Precise Dynamics of Diagonal Linear Networks: A Unifying Analysis by Dynamical Mean-Field Theory
This work provides a unifying analysis for neural network training phenomena, which is incremental as it builds on existing studies of DLNs.
The authors tackled the problem of insufficient understanding of gradient flow dynamics in diagonal linear networks (DLNs) by using Dynamical Mean-Field Theory (DMFT) to derive a low-dimensional effective process, resulting in new insights such as loss convergence rates and trade-offs with generalization.
Diagonal linear networks (DLNs) are a tractable model that captures several nontrivial behaviors in neural network training, such as initialization-dependent solutions and incremental learning.
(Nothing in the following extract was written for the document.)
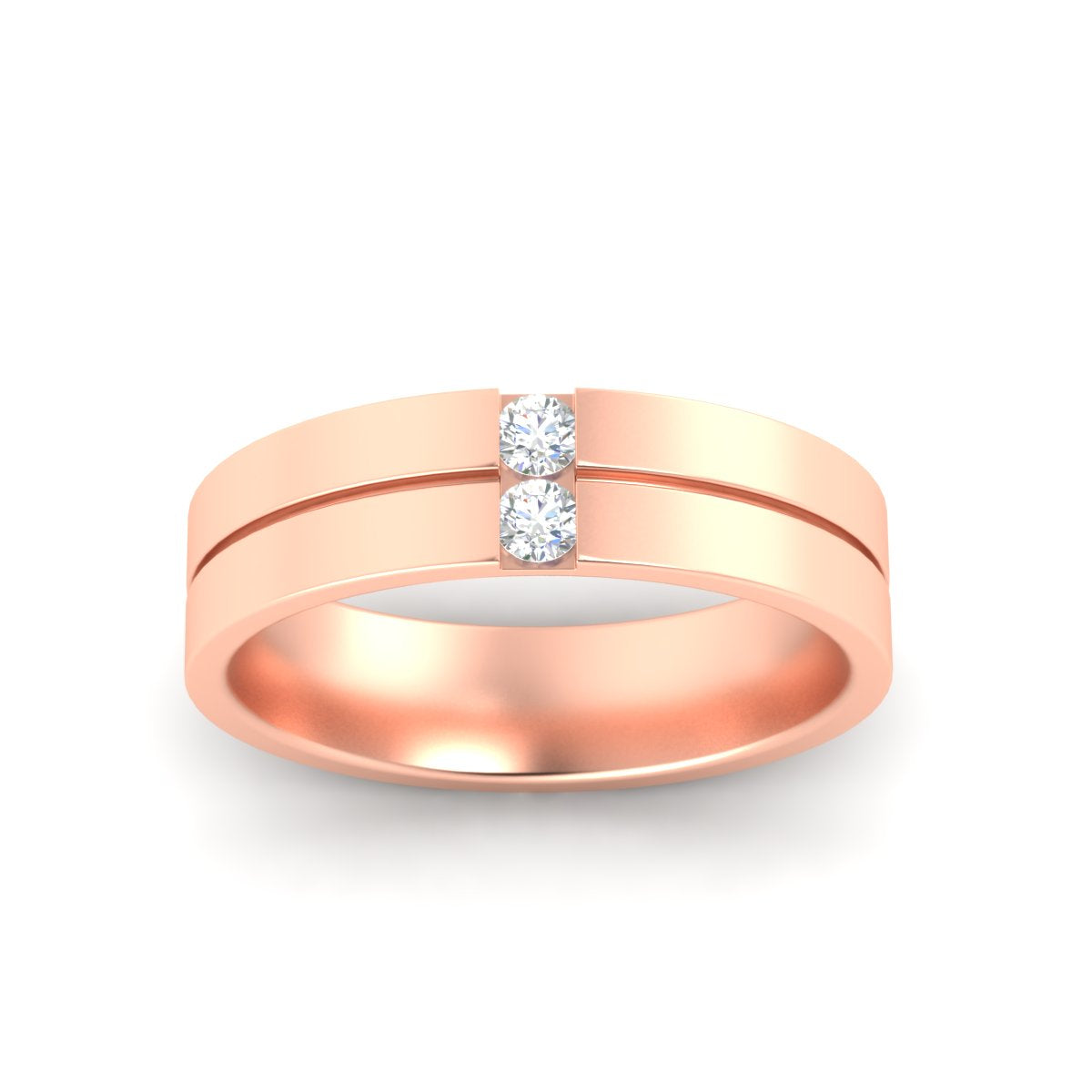 Mens 2 Stone Band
These phenomena are typically studied in isolation, leaving the overall dynamics insufficiently understood. In this work, we present a unified analysis of various phenomena in the gradient flow dynamics of DLNs. Using Dynamical Mean-Field Theory (DMFT), we derive a low-dimensional effective process that captures the asymptotic gradient flow dynamics in high dimensions. Analyzing this effective process yields new insights into DLN dynamics, including loss convergence rates and their trade-off with generalization, and systematically reproduces many of the previously observed phenomena. These findings deepen our understanding of DLNs and demonstrate the effectiveness of the DMFT approach in analyzing high-dimensional learning dynamics of neural networks.